Einde inhoudsopgave
Verordening (EU) 2018/1999 inzake de governance van de energie-unie en van de klimaatactie, tot wijziging van Verordeningen (EG) nr. 663/2009 en (EG) nr. 715/2009 van het Europees Parlement en de Raad, Richtlijnen 94/22/EG, 98/70/EG, 2009/31/EG, 2009/73/EG, 2010/31/EU, 2012/27/EU en 2013/30/EU van het Europees Parlement en de Raad, Richtlijnen 2009/119/EG en (EU) 2015/652 van de Raad, en tot intrekking van Verordening (EU) nr. 525/2013 van het Europees Parlement en de Raad
Artikel 33 Financieringsmechanisme van de Unie voor hernieuwbare energie
Geldend
Geldend vanaf 24-12-2018
- Bronpublicatie:
11-12-2018, PbEU 2018, L 328 (uitgifte: 21-12-2018, regelingnummer: 2018/1999)
- Inwerkingtreding
24-12-2018
- Bronpublicatie inwerkingtreding:
11-12-2018, PbEU 2018, L 328 (uitgifte: 21-12-2018, regelingnummer: 2018/1999)
- Vakgebied(en)
Milieurecht / Lucht
Energierecht / Europees energierecht
Milieurecht / Energie
Energierecht / Algemeen
1.
De Commissie zet uiterlijk op 1 januari 2021 het in artikel 32, lid 3, onder d), bedoelde financieringsmechanisme van de Unie voor hernieuwbare energie op om steun te bieden voor nieuwe projecten voor hernieuwbare energie in de Unie met als doel een tekort ten opzichte van het indicatieve Unietraject te dichten.
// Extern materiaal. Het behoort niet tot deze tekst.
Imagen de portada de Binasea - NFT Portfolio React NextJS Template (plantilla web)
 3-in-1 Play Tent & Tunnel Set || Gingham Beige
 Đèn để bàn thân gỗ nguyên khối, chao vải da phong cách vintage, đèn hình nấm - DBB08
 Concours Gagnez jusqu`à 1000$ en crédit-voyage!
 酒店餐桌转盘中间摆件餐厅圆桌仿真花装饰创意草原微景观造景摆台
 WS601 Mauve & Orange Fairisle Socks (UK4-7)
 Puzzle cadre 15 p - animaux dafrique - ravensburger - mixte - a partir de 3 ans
De steun kan onder meer worden verleend in de vorm van een premie die in aanvulling op de marktprijzen wordt betaald en wordt toegewezen aan projecten die meedingen naar de laagste kosten of premie.
2.
Onverminderd lid 1 van dit artikel draagt het financieringsmechanisme bij aan het stimulerend kader overeenkomstig artikel 3, lid 4, van Richtlijn (EU) 2018/2001 met het oog op de ondersteuning van de inzet van hernieuwbare energie in de Unie ongeacht tekorten ten opzichte van het indicatieve Unietraject. Daartoe:
- a)
kunnen de in artikel 32 bedoelde betalingen van lidstaten aangevuld worden met andere bronnen, zoals Uniemiddelen, bijdragen van de privésector of aanvullende betalingen van lidstaten om bij te dragen aan het behalen van de Uniestreefcijfers;
- b)
kan het financieringsmechanisme, onder andere, bijstand verlenen in de vorm van leningen met een lage rentevoet, subsidies of een mengvorm van beide, en kan het steun bieden aan, onder andere, gezamenlijke projecten tussen lidstaten overeenkomstig artikel 9 van Richtlijn (EU) 2018/2001 en de deelname van lidstaten aan gezamenlijke projecten met derde landen als bedoeld in artikel 11 van die richtlijn.
3.
De lidstaten behouden het recht te beslissen of en, zo ja, onder welke voorwaarden zij op hun grondgebied gevestigde installaties toestaan steun uit het financieringsmechanisme te ontvangen.
4.
De Commissie kan, met assistentie van het in artikel 44, lid 1, onder b), bedoelde Comité voor de energie-unie, uitvoeringshandelingen vaststellen met de noodzakelijke bepalingen voor het tot stand brengen en functioneren van het financieringsmechanisme, met name:
- a)
de methode voor het berekenen van het maximumbedrag van de premie voor elke aanbesteding;
- b)
de toe te passen vorm van de aanbesteding, waaronder de leveringsvoorwaarden en bijbehorende sancties;
- c)
de methode voor het berekenen van de bijdragen van de lidstaten en de resulterende statistische voordelen voor de bijdragende lidstaten;
- d)
de minimumvereisten voor de deelname van lidstaten, gezien de noodzaak zowel te zorgen voor de continuïteit van het mechanisme door een voldoende lange looptijd van de bijdrage van de lidstaten, als te voorzien in zo veel mogelijk flexibiliteit voor de deelname van lidstaten.
- e)
de bepalingen die de deelneming en/of de goedkeuring van de gastheerstaten waarborgen en, indien nodig, de bepalingen betreffende de aanvullende lasten voor systeemkosten.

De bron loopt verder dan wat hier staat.